SOUTH SAN FRANCISCO, Calif., March 1, 2011 /PRNewswire/ -- Rigel Pharmaceuticals, Inc. (Nasdaq: RIGL) today reported financial results for the fourth quarter and year ended December 31, 2010.

For the fourth quarter of 2010, Rigel reported a net loss of $17.2 million, or $0.33 per share, compared to a net loss of $25.1 million, or $0.48 per share, in the fourth quarter of 2009. Weighted average shares outstanding for the fourth quarter of 2010 and 2009 were 52.2 million and 51.8 million, respectively.

There was no contract revenue reported in the fourth quarter of 2010. Contract revenue in the fourth quarter of 2009 was $750,000, comprised of a milestone payment from Daiichi Sankyo for the designation of the first lead compound related to the ligase oncology collaboration.

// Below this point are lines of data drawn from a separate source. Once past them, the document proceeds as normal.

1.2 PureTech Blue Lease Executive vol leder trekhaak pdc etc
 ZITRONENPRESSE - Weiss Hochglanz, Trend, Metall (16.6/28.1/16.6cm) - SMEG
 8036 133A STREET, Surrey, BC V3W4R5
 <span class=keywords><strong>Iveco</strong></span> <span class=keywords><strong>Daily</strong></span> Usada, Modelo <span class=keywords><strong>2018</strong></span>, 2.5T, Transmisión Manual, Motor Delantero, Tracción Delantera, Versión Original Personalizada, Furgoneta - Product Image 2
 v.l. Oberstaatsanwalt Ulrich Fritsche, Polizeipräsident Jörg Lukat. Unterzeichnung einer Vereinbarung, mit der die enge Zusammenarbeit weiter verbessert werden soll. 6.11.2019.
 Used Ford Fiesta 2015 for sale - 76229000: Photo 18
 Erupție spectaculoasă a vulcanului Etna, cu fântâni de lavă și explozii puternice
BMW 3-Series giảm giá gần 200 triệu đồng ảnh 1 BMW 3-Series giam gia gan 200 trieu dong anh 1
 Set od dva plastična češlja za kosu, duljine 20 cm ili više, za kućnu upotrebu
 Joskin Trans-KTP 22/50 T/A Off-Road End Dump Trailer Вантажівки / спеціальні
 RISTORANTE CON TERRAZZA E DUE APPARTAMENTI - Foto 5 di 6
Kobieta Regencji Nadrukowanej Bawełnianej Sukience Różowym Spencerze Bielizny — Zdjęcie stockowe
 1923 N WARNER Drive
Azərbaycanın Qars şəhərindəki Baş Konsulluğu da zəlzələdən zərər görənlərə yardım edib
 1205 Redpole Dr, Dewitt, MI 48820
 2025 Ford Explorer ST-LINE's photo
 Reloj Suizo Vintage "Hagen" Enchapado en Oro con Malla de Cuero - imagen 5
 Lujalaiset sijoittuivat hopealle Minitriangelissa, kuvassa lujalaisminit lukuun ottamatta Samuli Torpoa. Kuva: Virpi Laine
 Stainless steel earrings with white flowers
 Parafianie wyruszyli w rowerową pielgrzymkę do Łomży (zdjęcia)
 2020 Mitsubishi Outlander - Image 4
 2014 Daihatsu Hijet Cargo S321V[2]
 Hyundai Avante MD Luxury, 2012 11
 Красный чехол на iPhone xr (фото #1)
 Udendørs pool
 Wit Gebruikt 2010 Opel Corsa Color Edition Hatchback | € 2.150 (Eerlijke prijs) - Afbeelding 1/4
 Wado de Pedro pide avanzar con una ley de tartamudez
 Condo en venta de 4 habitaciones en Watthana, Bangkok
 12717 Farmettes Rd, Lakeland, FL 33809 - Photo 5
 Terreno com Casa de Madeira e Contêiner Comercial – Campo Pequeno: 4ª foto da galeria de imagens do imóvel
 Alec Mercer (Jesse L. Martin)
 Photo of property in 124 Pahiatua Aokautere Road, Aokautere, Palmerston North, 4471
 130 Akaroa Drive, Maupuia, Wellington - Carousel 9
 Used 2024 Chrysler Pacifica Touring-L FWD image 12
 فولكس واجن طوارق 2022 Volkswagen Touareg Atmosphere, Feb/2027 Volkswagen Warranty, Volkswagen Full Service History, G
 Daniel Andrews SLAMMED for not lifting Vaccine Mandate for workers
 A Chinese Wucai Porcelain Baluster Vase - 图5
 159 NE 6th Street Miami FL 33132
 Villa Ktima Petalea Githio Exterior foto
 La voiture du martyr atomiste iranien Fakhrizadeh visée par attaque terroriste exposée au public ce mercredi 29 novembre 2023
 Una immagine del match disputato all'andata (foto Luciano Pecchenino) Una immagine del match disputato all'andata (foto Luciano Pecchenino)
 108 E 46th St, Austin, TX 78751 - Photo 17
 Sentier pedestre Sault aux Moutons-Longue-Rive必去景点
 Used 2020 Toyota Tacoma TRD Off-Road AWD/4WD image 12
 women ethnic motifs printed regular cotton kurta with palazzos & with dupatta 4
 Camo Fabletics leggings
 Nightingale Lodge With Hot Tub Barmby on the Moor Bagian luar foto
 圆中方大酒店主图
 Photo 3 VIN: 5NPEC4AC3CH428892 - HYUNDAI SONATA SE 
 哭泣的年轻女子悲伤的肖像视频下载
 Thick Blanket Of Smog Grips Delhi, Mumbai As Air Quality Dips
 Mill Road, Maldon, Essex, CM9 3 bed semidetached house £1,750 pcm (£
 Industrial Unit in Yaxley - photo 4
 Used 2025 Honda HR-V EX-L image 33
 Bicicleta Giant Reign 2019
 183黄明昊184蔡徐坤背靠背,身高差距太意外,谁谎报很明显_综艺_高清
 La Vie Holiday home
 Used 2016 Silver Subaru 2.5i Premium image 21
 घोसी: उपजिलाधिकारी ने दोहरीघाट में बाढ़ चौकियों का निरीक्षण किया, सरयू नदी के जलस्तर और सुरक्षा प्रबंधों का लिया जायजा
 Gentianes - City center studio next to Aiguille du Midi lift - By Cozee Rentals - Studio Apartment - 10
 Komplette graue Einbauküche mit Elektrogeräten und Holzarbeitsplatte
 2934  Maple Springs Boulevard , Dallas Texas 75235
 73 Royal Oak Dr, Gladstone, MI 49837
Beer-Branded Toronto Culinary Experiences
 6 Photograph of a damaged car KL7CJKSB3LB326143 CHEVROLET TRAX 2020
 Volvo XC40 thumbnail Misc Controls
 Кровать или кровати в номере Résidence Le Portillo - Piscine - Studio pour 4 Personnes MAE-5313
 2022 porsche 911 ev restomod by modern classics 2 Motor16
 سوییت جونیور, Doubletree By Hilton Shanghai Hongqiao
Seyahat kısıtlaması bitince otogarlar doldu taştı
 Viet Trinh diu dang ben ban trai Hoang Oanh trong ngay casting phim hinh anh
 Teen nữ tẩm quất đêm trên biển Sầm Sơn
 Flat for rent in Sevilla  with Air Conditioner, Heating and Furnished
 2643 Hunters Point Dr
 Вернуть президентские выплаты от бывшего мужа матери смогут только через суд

Rigel reported total operating expenses of $19.7 million in the fourth quarter of 2010, compared to $25.9 million in the fourth quarter of 2009. The decrease in operating expenses was primarily due to the completion of the transfer of the fostamatinib open label extension study to AstraZeneca AB (AZ) in September 2010.

In the fourth quarter of 2010, Rigel reported other income of approximately $2.4 million related to the Therapeutic Discovery Tax Credit Program (Section 48D of the Internal Revenue Code).  Rigel received cash proceeds of $2.1 million in the fourth quarter of 2010 and will receive the remaining $0.3 million in 2011.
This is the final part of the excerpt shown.